* **STORED DATA**

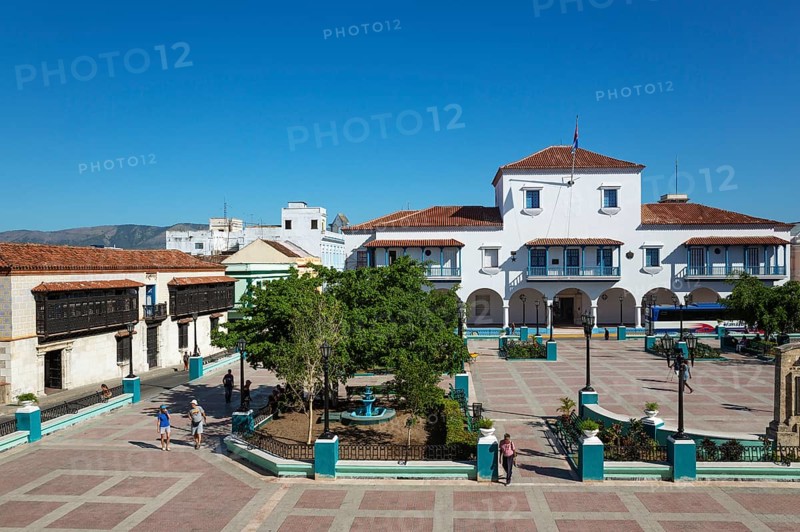 Parque Cespedes with the town hall on the right and the Casa Velazquez on the left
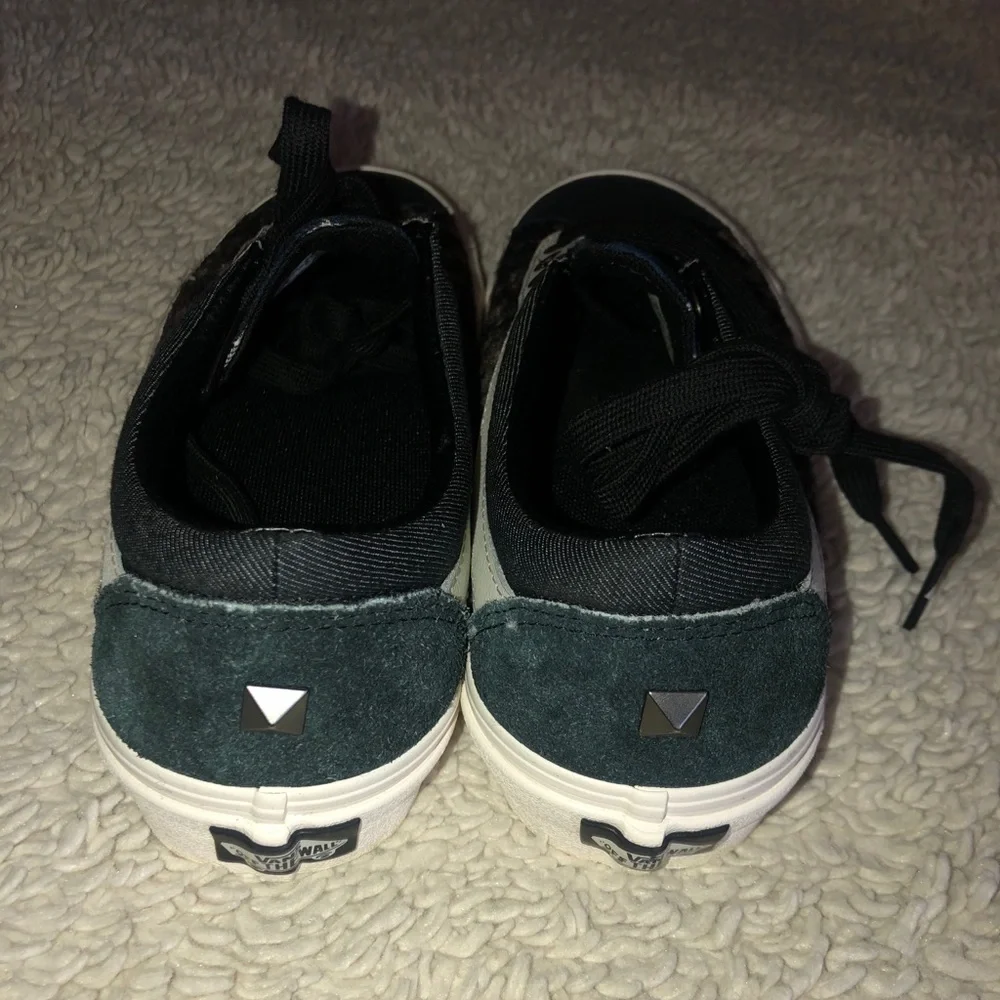 Vans - Picture 5 of 12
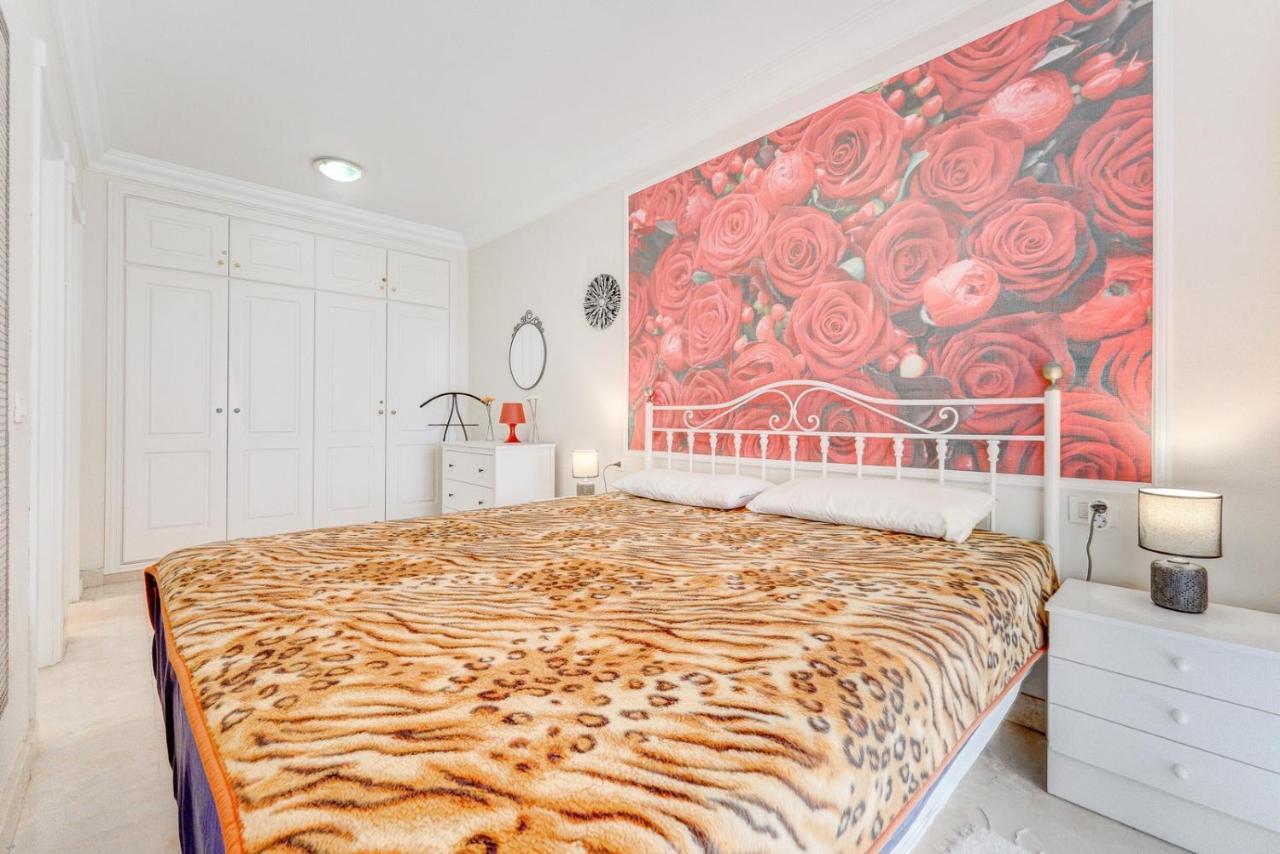 Beautiful Apartment In Terrazas Del Duque I Costa Adeje Dış mekan fotoğraf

* **ASSIGNED TASK**
Beginning with the line that holds "Vans - Picture 5 of 12" and ending with the last line of the material above, extract every line exactly, pictures excluded.

* **SOLUTION BELOW**
 Vans - Picture 5 of 12
 Beautiful Apartment In Terrazas Del Duque I Costa Adeje Dış mekan fotoğraf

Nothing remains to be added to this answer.